Norm’s on La Cienega
Wonho Frank Lee
Farley Elliott is the Senior Editor at Eater LA and the author of Los Angeles Street Food: A History From Tamaleros to Taco Trucks. He covers restaurants in every form, from breaking news to the culture, people, and history that surrounds LA's dining landscape.

What to do with LA’s restaurant icons?

Los Angeles has a long (and not entirely undeserved) reputation as a city with little regard for its own history, at least where buildings and neighborhoods are concerned. Architecturally or culturally important places get bulldozed all the time to make way for newer, shinier projects, leaving fewer and fewer places to point to as offerings of longstanding significance. The question is: what can (or even should) be done to protect some of LA’s most beloved icons?

Take for example Formosa Cafe, a decades-old bar and restaurant that once played favorites with the stars of yesteryear. Just about anyone who’s gone through in the past year would agree the place had become a shell of its former self (both literally and figuratively, as the building was largely gutted in an ill-fated remodel a while back), but considering it’s a private business on private property, what could be done? Historic city designations like the ones protecting Norm’s on La Cienega help, but ultimately in the case of Formosa the owner still seems to have simply thrown in the towel and moved on. Below is what’s left of the place, and despite plans to hopefully revitalize the location things aren’t pretty right now. Who will end up footing that bill, and what the results will turn out to be, remains a mystery at the moment.

What the current state of The Formosa Cafe looks like. #SaveTheFormosa.

A photo posted by Vintage Los Angeles (@alisonmartino) on

Sushi Enya expands

One of the city’s most beloved sushi spots, Sushi Enya, is expanding to Pasadena soon. That’s per a notice on the restaurant’s own website, plus some Craigslist job opening ads that have been floating around. No specific word on the address just yet, but it should be in the heart of Old Pasadena.

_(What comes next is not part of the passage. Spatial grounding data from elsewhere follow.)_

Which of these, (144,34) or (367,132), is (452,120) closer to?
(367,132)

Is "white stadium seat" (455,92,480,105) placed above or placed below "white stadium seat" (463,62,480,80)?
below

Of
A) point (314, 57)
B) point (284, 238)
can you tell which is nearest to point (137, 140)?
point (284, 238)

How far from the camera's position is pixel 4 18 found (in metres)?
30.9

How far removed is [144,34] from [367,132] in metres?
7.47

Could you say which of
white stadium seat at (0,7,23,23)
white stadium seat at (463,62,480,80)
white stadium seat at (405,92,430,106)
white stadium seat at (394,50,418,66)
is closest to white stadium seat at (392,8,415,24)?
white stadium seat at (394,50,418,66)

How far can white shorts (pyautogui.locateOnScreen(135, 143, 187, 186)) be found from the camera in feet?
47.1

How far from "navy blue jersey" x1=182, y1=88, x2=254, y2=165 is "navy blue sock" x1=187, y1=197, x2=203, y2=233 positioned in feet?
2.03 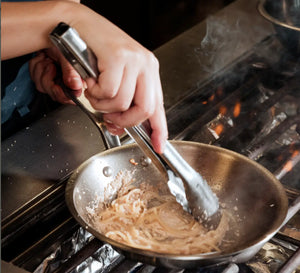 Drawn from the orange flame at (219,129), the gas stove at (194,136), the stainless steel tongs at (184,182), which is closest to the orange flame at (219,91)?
the gas stove at (194,136)

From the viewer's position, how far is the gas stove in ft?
3.43

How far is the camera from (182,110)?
59.1 inches

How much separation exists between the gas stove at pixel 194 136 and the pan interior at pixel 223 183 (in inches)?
2.7

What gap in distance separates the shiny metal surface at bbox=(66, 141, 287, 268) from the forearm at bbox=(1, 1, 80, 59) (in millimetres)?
300

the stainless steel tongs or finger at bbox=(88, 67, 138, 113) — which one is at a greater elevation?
finger at bbox=(88, 67, 138, 113)

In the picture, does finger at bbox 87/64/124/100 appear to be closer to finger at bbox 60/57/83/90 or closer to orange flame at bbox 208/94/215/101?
finger at bbox 60/57/83/90

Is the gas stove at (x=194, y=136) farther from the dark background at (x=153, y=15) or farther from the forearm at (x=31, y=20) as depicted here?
the dark background at (x=153, y=15)

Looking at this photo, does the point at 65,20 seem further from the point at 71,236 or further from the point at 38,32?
the point at 71,236

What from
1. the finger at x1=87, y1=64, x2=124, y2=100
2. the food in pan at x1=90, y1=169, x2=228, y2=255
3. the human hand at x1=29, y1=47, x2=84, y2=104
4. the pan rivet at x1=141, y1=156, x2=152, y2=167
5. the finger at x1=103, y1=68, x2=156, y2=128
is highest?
the finger at x1=87, y1=64, x2=124, y2=100

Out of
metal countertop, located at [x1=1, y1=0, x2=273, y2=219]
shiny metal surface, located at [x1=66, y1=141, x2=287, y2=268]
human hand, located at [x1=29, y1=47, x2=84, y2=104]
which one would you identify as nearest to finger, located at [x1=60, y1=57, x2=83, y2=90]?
human hand, located at [x1=29, y1=47, x2=84, y2=104]

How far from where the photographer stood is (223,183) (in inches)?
47.3

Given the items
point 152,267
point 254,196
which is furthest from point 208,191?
point 152,267

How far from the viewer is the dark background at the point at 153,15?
322 centimetres

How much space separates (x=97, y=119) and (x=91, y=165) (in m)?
0.14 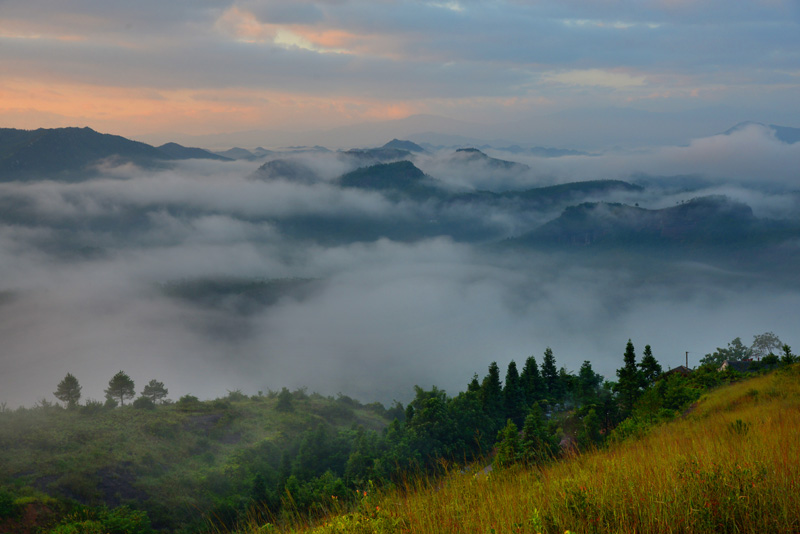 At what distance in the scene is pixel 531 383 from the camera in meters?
56.2

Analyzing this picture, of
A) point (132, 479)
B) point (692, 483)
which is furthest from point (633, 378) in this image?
point (132, 479)

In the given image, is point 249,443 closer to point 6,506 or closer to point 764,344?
point 6,506

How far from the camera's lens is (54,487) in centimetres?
3034

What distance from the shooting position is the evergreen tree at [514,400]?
5221 cm

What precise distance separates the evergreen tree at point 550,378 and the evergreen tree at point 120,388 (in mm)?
59462

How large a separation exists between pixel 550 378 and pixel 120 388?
61.7m

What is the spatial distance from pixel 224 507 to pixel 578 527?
102ft

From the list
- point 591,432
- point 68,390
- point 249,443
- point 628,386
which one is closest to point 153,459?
point 249,443

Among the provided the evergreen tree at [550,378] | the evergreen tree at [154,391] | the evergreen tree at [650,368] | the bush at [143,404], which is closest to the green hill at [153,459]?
the bush at [143,404]

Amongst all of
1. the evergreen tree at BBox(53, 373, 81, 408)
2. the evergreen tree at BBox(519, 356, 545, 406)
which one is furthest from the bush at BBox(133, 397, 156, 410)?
the evergreen tree at BBox(519, 356, 545, 406)

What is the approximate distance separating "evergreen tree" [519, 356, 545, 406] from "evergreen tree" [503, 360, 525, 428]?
1.11 meters

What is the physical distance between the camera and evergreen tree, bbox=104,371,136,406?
211ft

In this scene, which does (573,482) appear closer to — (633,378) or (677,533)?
(677,533)

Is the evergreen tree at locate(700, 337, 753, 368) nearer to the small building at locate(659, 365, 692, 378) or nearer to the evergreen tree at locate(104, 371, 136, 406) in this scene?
the small building at locate(659, 365, 692, 378) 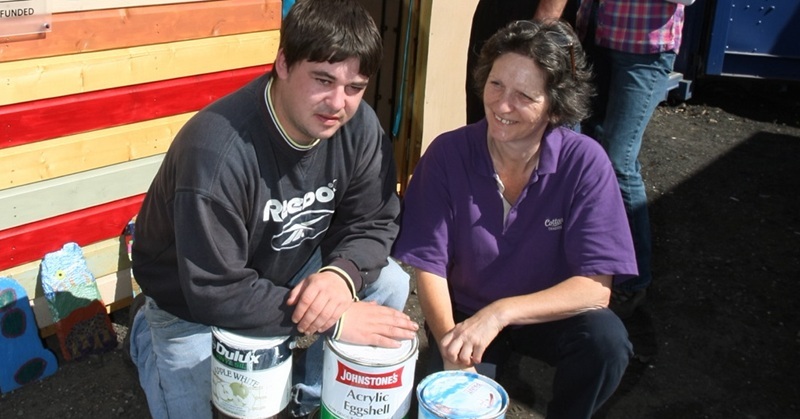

Is this LA’s best breakfast burrito?

Looks like LA Weekly was charmed by the breakfast burrito at the Flower District farmers market. In this fun piece, writer Josh Scherer tackles the behemoth and comes away mightily impressed, thanks of course to Humberto Raygoza, the so-called Chori-Man behind the operation. He’s also the one responsible for making some of the city’s best chorizo for restaurants like Salazar, so you know that breakfast burrito has got to be good.

Rice Bar does it well

Vice Munchies takes an inside look at Rice Bar, Charles Olalia’s staggeringly small Filipino operation in Downtown. Despite the diminutive size, the place packs a serious flavor punch, and has become a beacon for those looking to expand and grow the Filipino culinary profile in Los Angeles and beyond.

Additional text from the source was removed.